→ EXERCISE DESCRIPTION: Reproduce the listing exactly. Omit pictures.

→ GIVEN DATA:
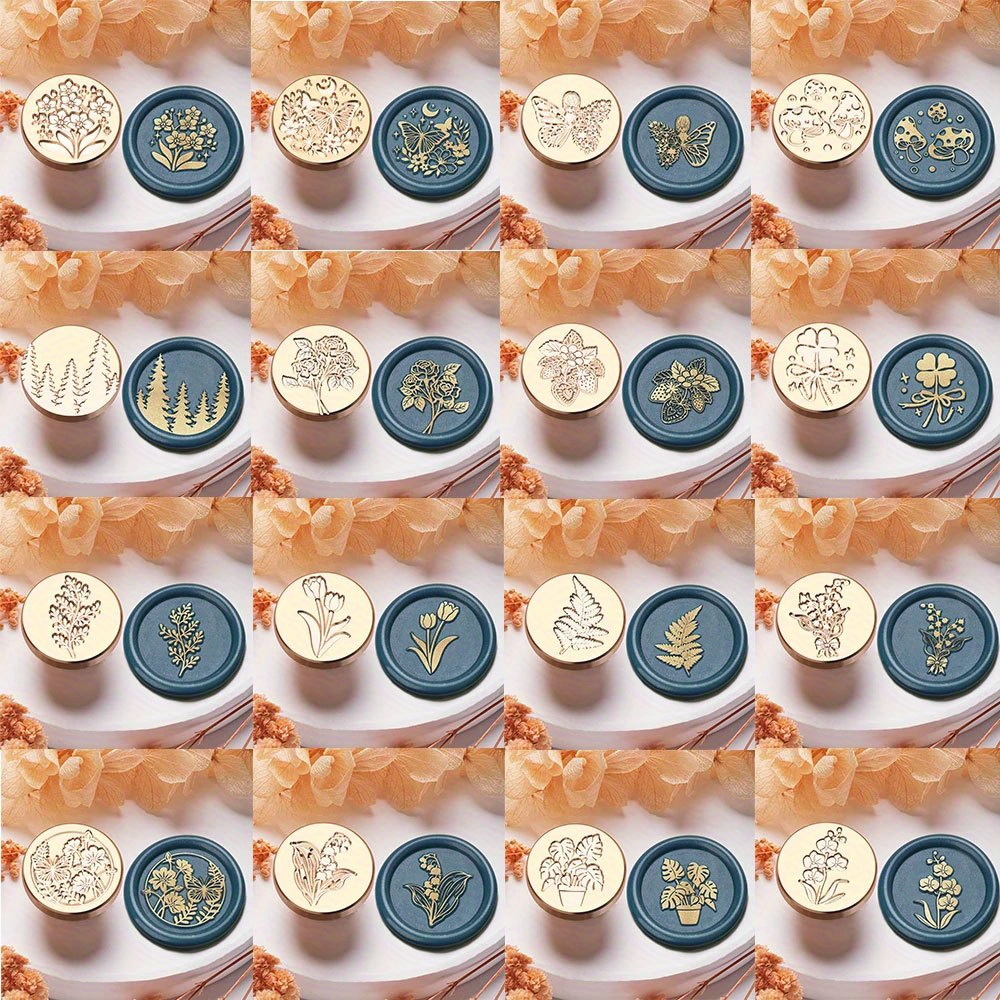   tulips wax seal stamp roses lilies butterflies fairies mushrooms seal stamp surgue stamps head for notebook envelopes gift cards decorations 0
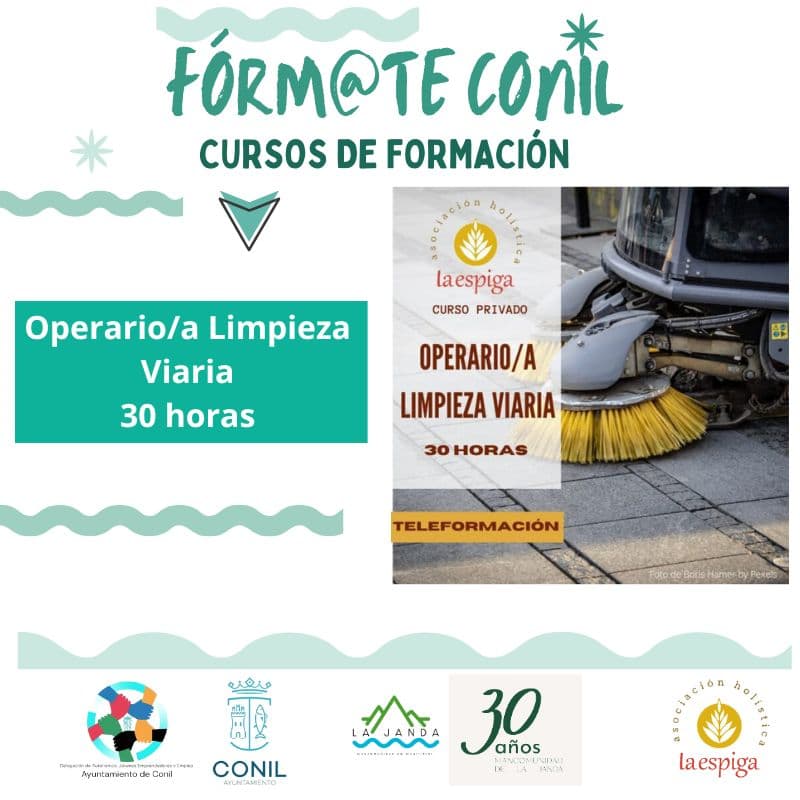 Curso OPERARIO/A LIMPIEZA VIARIA. Primera Edición. FORM@TE CONIL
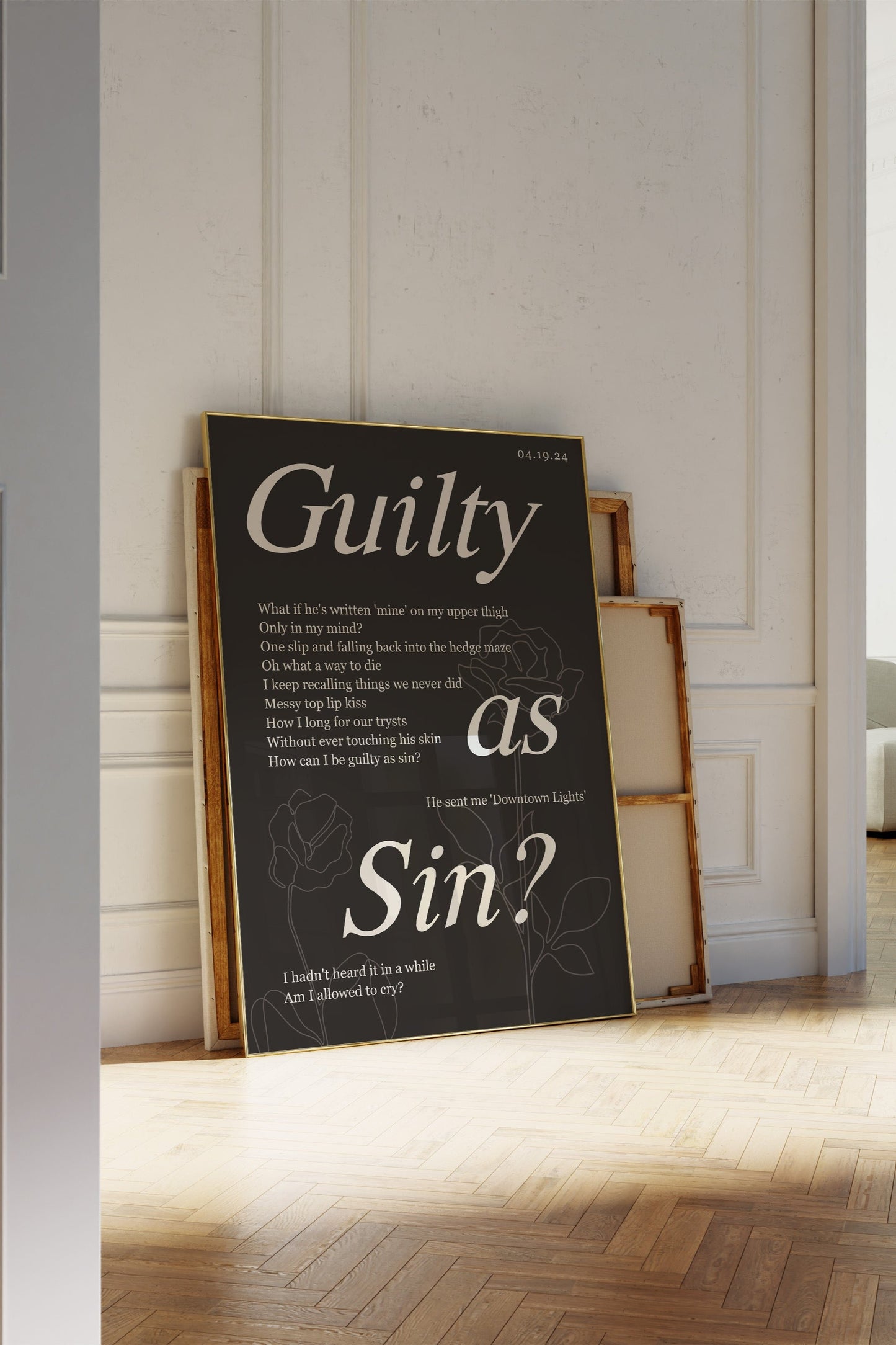 Guilty as Sin Wall Art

→ OUTPUT OF THE EXERCISE:
   tulips wax seal stamp roses lilies butterflies fairies mushrooms seal stamp surgue stamps head for notebook envelopes gift cards decorations 0
 Curso OPERARIO/A LIMPIEZA VIARIA. Primera Edición. FORM@TE CONIL
 Guilty as Sin Wall Art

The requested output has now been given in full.